Вкусив сладкий плод свободы, веками угнетенная масса жаждала правды и справедливости. Она с равным гневом ополчалась против разоблаченного полицейского и жандарма, против воротил и жмотов, против убийцы и грабителя. В ее представлении любой судья царя и судья Керенского являлся вымогателем и хабарником, защитником сильных мира сего и мучителем обездоленных. Народ века твердил мудрое предостережение: «С сильным не борись, с богатым не судись!» И еще: «В земле черви, в воде черти, в лесу сучки, в суде — крючки».

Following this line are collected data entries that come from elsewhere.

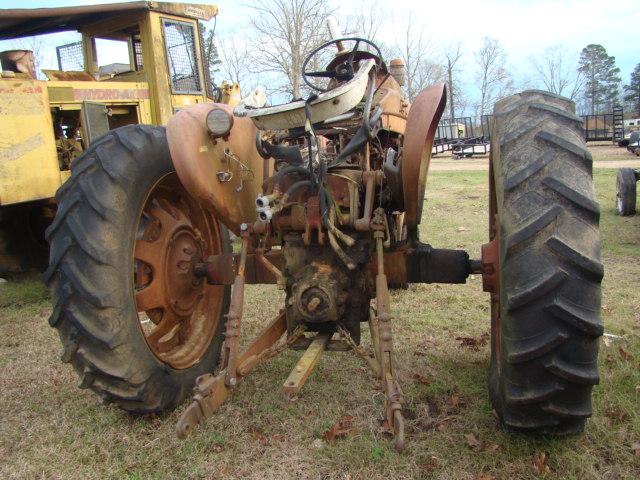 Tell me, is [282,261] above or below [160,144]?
below

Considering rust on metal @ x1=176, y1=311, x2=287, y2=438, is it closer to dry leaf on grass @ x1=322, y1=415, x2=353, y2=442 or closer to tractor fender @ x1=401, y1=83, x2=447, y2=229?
dry leaf on grass @ x1=322, y1=415, x2=353, y2=442

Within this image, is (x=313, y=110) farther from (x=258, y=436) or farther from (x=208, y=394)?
(x=258, y=436)

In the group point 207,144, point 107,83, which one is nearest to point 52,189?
point 107,83

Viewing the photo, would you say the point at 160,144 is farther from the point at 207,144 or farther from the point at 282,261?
the point at 282,261

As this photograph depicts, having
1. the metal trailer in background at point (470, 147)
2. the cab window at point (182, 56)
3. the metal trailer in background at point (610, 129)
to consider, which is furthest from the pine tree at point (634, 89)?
the cab window at point (182, 56)

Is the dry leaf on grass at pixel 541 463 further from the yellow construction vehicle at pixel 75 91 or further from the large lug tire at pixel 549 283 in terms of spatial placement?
the yellow construction vehicle at pixel 75 91

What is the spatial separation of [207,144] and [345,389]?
5.46ft

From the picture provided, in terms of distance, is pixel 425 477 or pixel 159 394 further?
pixel 159 394

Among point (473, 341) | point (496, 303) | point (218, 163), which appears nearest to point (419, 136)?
point (496, 303)

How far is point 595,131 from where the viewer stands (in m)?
30.0

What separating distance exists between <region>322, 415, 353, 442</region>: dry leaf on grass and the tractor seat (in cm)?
158

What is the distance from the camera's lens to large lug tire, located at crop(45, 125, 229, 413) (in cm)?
279

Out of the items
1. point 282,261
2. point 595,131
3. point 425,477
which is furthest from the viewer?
point 595,131

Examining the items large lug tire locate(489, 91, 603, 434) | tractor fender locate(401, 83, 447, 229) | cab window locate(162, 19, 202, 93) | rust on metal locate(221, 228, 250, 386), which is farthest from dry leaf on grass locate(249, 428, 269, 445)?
cab window locate(162, 19, 202, 93) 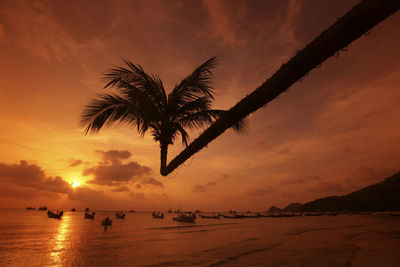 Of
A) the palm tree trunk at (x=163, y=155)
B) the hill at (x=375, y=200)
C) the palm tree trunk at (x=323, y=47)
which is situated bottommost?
the palm tree trunk at (x=323, y=47)

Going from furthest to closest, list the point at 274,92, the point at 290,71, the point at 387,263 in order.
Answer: the point at 387,263, the point at 274,92, the point at 290,71

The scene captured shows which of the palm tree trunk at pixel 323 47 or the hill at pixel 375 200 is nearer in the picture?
the palm tree trunk at pixel 323 47

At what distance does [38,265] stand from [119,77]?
28.6 ft

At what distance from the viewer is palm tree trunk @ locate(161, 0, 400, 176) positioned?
3.28 feet

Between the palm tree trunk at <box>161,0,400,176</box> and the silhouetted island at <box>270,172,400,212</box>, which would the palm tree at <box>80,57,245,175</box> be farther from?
the silhouetted island at <box>270,172,400,212</box>

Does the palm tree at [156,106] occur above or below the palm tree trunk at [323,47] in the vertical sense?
above

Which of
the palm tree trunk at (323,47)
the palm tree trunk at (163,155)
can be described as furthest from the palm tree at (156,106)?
the palm tree trunk at (323,47)

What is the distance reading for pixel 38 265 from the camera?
8.59 meters

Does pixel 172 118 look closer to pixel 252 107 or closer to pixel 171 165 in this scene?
pixel 171 165

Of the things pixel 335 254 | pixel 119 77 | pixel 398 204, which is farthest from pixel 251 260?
Result: pixel 398 204

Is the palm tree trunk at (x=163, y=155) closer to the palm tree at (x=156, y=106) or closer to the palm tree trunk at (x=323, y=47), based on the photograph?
the palm tree at (x=156, y=106)

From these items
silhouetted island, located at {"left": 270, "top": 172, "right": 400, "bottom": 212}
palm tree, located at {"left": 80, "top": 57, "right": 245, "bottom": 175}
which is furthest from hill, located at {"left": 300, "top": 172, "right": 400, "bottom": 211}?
palm tree, located at {"left": 80, "top": 57, "right": 245, "bottom": 175}

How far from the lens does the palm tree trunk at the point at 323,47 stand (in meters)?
1.00

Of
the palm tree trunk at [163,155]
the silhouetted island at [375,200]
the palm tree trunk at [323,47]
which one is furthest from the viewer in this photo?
the silhouetted island at [375,200] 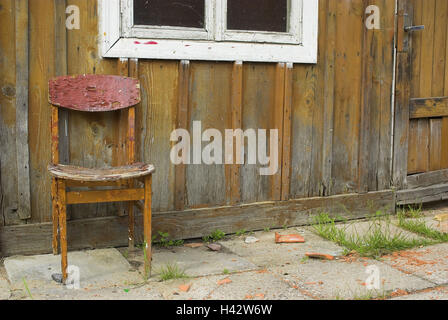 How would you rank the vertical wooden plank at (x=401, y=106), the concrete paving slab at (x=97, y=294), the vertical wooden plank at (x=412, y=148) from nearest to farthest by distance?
the concrete paving slab at (x=97, y=294), the vertical wooden plank at (x=401, y=106), the vertical wooden plank at (x=412, y=148)

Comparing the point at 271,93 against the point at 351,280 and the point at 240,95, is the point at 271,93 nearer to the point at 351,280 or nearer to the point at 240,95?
the point at 240,95

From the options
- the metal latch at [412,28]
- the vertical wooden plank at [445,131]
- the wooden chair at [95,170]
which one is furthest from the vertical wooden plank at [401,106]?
the wooden chair at [95,170]

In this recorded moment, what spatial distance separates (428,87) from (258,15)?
181 centimetres

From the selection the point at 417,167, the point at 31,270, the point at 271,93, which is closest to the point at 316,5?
the point at 271,93

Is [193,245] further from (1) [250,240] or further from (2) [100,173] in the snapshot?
(2) [100,173]

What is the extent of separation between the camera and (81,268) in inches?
135

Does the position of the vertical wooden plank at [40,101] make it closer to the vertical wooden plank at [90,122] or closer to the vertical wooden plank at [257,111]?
the vertical wooden plank at [90,122]

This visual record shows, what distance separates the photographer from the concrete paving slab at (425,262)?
3.41 meters

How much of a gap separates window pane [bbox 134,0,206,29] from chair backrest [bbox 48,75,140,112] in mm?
466

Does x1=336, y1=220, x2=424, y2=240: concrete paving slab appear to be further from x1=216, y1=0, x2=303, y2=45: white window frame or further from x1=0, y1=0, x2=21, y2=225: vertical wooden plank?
x1=0, y1=0, x2=21, y2=225: vertical wooden plank

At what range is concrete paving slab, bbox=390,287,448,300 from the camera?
9.93ft

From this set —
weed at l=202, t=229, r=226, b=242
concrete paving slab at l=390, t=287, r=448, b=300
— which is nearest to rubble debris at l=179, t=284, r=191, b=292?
weed at l=202, t=229, r=226, b=242

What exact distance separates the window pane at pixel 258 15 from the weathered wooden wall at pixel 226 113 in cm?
29

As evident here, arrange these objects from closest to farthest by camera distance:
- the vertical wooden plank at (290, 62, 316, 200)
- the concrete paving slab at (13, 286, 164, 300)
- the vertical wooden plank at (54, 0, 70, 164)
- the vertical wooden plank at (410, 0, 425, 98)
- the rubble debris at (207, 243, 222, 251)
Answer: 1. the concrete paving slab at (13, 286, 164, 300)
2. the vertical wooden plank at (54, 0, 70, 164)
3. the rubble debris at (207, 243, 222, 251)
4. the vertical wooden plank at (290, 62, 316, 200)
5. the vertical wooden plank at (410, 0, 425, 98) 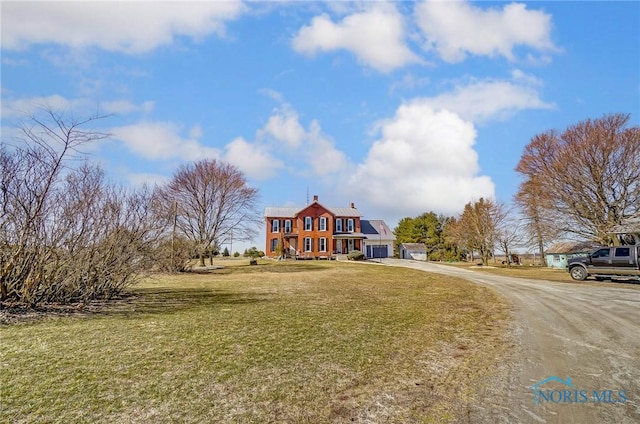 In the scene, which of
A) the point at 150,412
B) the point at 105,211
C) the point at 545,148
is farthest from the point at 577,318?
the point at 545,148

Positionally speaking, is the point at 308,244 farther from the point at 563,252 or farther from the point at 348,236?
the point at 563,252

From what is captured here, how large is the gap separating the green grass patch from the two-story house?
1366 inches

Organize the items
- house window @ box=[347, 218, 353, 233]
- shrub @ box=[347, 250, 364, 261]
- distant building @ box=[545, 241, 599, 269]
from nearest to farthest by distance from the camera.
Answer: distant building @ box=[545, 241, 599, 269] < shrub @ box=[347, 250, 364, 261] < house window @ box=[347, 218, 353, 233]

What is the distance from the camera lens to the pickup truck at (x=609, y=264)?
17.5 m

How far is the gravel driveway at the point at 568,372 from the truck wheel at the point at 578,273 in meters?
12.2

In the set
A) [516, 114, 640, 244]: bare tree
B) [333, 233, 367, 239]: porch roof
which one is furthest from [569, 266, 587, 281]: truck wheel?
[333, 233, 367, 239]: porch roof

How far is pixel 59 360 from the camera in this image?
501 centimetres

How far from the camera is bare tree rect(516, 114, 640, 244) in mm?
25531

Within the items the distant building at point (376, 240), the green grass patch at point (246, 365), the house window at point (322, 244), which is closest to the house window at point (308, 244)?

Толпа сама чинила суд и расправу. В том блицтрибунале не было ни председателя, ни членов суда, ни прокурора, ни судебного исполнителя, ни палача. Все эти обязанности брал на себя коллективный судья — разгневанная толпа. Самосуд!

В ветхозаветные времена толпа забивала преступника каменьями. И это было для инфантильных социальных формаций нормой. Самосуд! Но вскоре патриархи поняли, что не может быть правосудия там, где обвиняемый лишен возможности опровергать приписываемую ему вину… На смену суду толпы пришел суд патриархов, суд Соломонов разных эпох и всевозможных калибров. Римское право, Кодекс Юстиниана, «Русская правда» раз и навсегда покончили с прерогативами патриархов. А самосуд все же показал свою живучесть. Где? Лишь в глухих закоулках, и свершался он над неисправимыми похитителями лошадей. Прикончить конокрада увесистой орясиной считалось богоугодным делом…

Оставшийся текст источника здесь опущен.